The court based its findings on the evidence adduced in the proceedings concerning the quality of the wine and in particular on the expert opinion and testimony of Mr Bandion, the statements of the Inspector and his assistant, the statements of the applicant and the members of his family and the judgment of 14 February 1984 (see paragraphs 15 and 18 above).

2. In the Vienna Court of Appeal

(a) First set of proceedings

32. On 23 April 1985 the Vienna Court of Appeal dismissed the applicant’s appeal and upheld the Regional Court’s judgment in its entirety.

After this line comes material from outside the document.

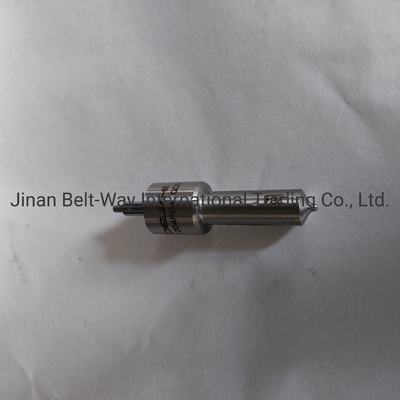 Sinotruk HOWO Parts Truck Spare Parts Injector Nozzle L204pba untuk menuntut pengembalian dana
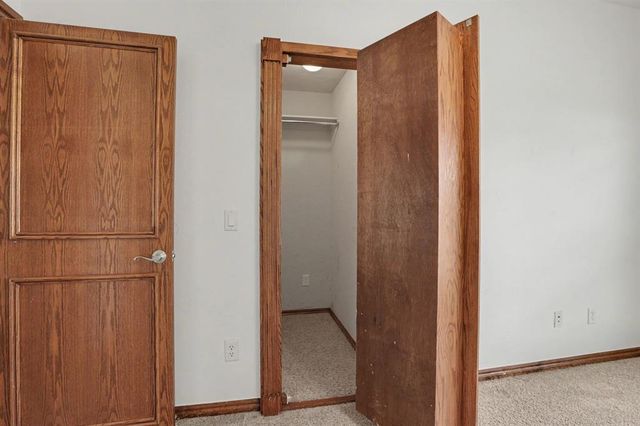 2710 Shoreline Drive, Norman, OK 73026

In so far as Mr Brandstetter had claimed that the impugned statement (see paragraph 31 above) was justified in the exercise of the rights of the defence (Articles 199 and 202 of the Code of Criminal Procedure) and could not therefore constitute criminal defamation, the court referred to well-established case-law and academic opinion, according to which such rights could not extend to conduct which did not merely serve an accused’s defence, but also adversely affected the rights of another person through allegations of such a nature as to amount to a new criminal offence. As the applicant had consciously aroused false suspicions in respect of the Inspector, Article 297 of the Criminal Code was applicable.

The court also took the view that the public prosecutor’s office had not tacitly waived its right to institute proceedings, even though it had not acted immediately. Finally, it found no procedural defect in the way in which the Regional Court had assessed the evidence. The latter court had examined the findings of the proceedings in detail, in a logical and coherent manner in relation to the evidence, and had drawn plausible conclusions concerning the subjective element. The appeal court regarded it as decisive that the bottles, irrespective of whether they had been rinsed with water or wine, could not contain a significant quantity of liquid once they had been emptied in the way described in a credible and convincing manner by the Inspector of Cellars.

(b) Second set of proceedings

33. On an application by Mr Brandstetter, the Attorney-General (Generalprokurator) lodged a plea for a declaration of nullity in the interests of the law (Nichtigkeitsbeschwerde zur Wahrung des Gesetzes) directed against the composition of the Court of Appeal. The Supreme Court (Oberster Gerichtshof) allowed the appeal on 28 January 1987 and remitted the case to the Court of Appeal.

At the hearing on 24 March 1987 the defence alleged that one of the judges present had already participated in the first appeal proceedings and should therefore withdraw. The court adjourned the hearing until 28 April 1987 when it sat in a composition that was in conformity with the law; it confirmed the judgment of 23 April 1985 in its entirety (see paragraph 32 above).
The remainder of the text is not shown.